■ **Task details**: For the data below, retype word for word the lines from the one containing "厦门大学2012届毕业生生源信息及各学院联系人一览表" through the one containing "Schema: come si"; drop the pictures.
Given data: Begin
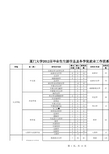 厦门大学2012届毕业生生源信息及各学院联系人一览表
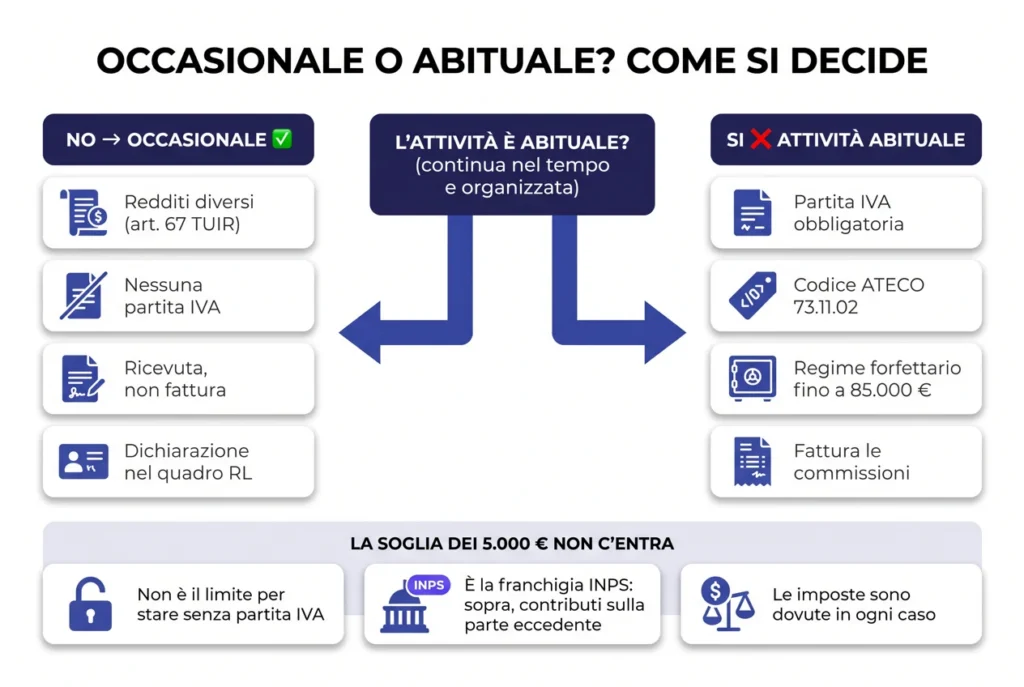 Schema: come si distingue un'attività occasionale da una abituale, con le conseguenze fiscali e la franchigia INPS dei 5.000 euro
Given data: End
Given data: Begin
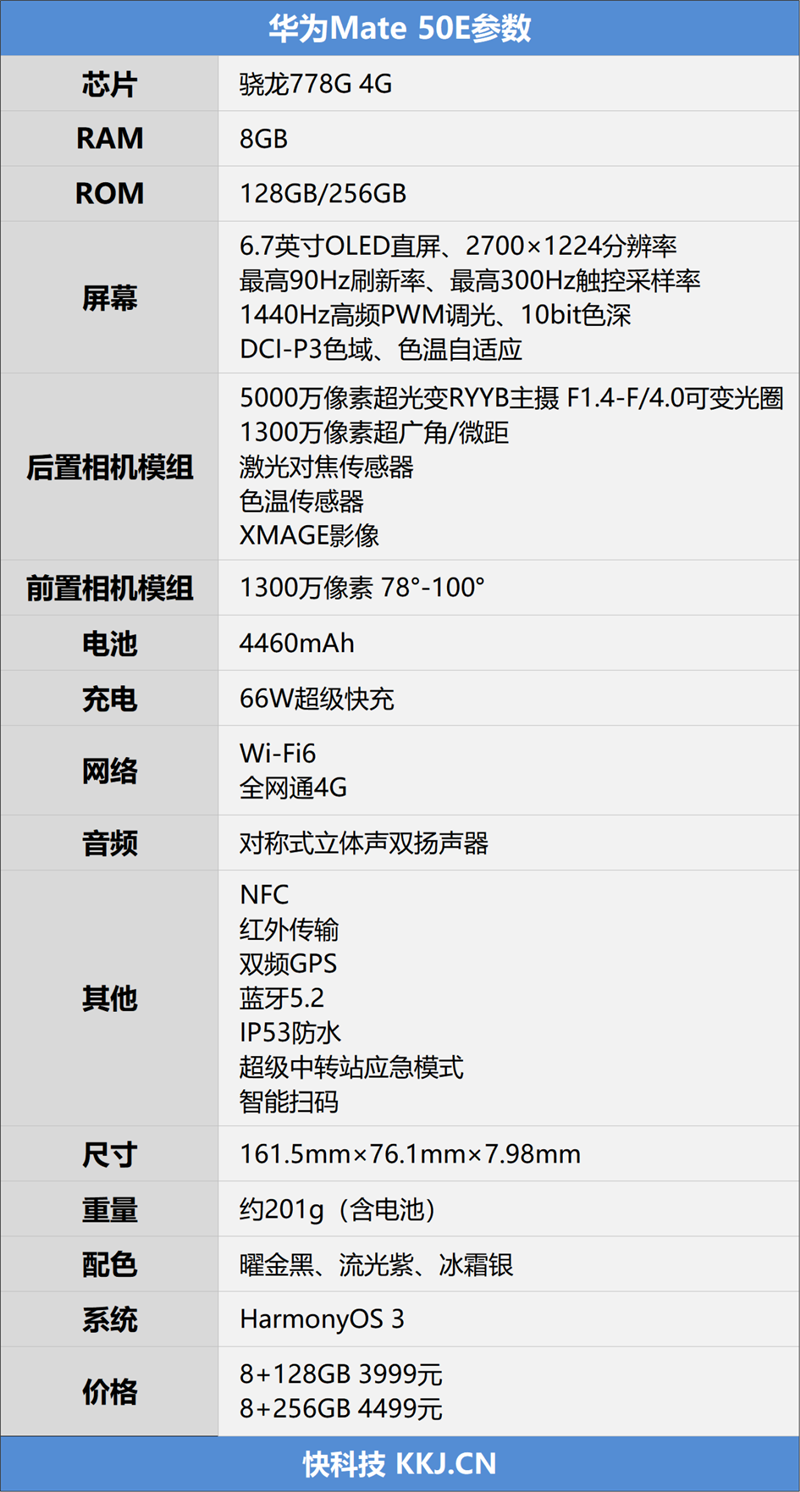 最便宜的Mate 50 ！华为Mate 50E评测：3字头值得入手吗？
Given data: End
■ **Response area**:
 厦门大学2012届毕业生生源信息及各学院联系人一览表
 Schema: come si distingue un'attività occasionale da una abituale, con le conseguenze fiscali e la franchigia INPS dei 5.000 euro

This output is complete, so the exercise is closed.